Way to go dood ! ! ! ! ! Can't wait to see the picture of the Siamese Carp ! ! !


----------



## peple of the perch (Sep 13, 2004)

Great job those fish look like they hold some power behind them.


----------



## misfit (Apr 5, 2004)

hey dood,i'm bokking a flight tomorrow
those are some pretty fish.and big too.looks like you've found a new love
take care,keep up the reports.


----------



## katfish (Apr 7, 2004)

I never caught vegetarian catfish before  

That bait looks like cole slaw. 

The dock you were fishing off of looks like you could get lunch delivered while you fish.


----------



## crappielooker (Apr 5, 2004)

robby. ya sure can get food delivered right by your rods if ya want..


----------



## Ol' Whiskers (Aug 11, 2004)

AK,

Do we need to airfreight you some canned corn, or can you get it over there? I'm waiting to see you with a huge carp. Glad you're doing well, sounds like you're in heaven!


----------



## crappielooker (Apr 5, 2004)

carp here don't eat corn. i had a rod with corn out for a day and didn't get a hit from carp at all.. all i caught was the giant gourami like these..


----------



## Fishman (Apr 5, 2004)

Ak! Wow had no idea ya moved to the otherwise of the planet. Grats on the nice catch man, please post more pictures of the neat looking critters you're catching over there.


----------



## mrfishohio (Apr 5, 2004)

Looks like an awfull easy spot to fish.......lol.

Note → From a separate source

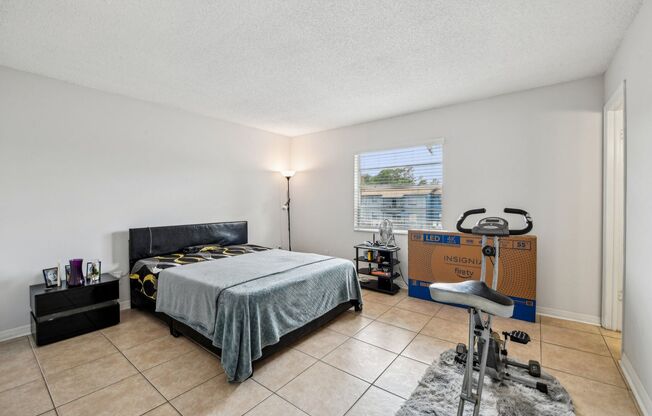 3 beds, 2 baths, 1,300 sqft, $1,800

Hey, can't help but notice on the picture with the "fish on"....must've been jumping or something?? Looks like the line is almost straight out of the rod tip...you didn't think that would slip by did you ?? 
Looks like a great fish, eyes are low like a big-head carp. Man, I'd like to tangle with a few of those, almost looks like a version of a bluecat.
Anyhow, great to hear from you, Jim


----------



## crappielooker (Apr 5, 2004)

the fish was on the run while the picture was taken.. it must have ran 50yards of line out.. i don't know what to compared the runs to.. its like common carp times 10..  
i'm going there with my cousin tomorrow early morning.. hopefully i will get to tango with some siamese carp..  heck, i wouldn't mind 70-80lbs catfish neither.  i want to test my new rod/reel out to da max..


----------



## riverKing (Jan 26, 2007)

how do you plan on targeting the siemese carp, i dont know much about them except that they get very large, maybe you can test that new rod on a 70-80lb carp!


----------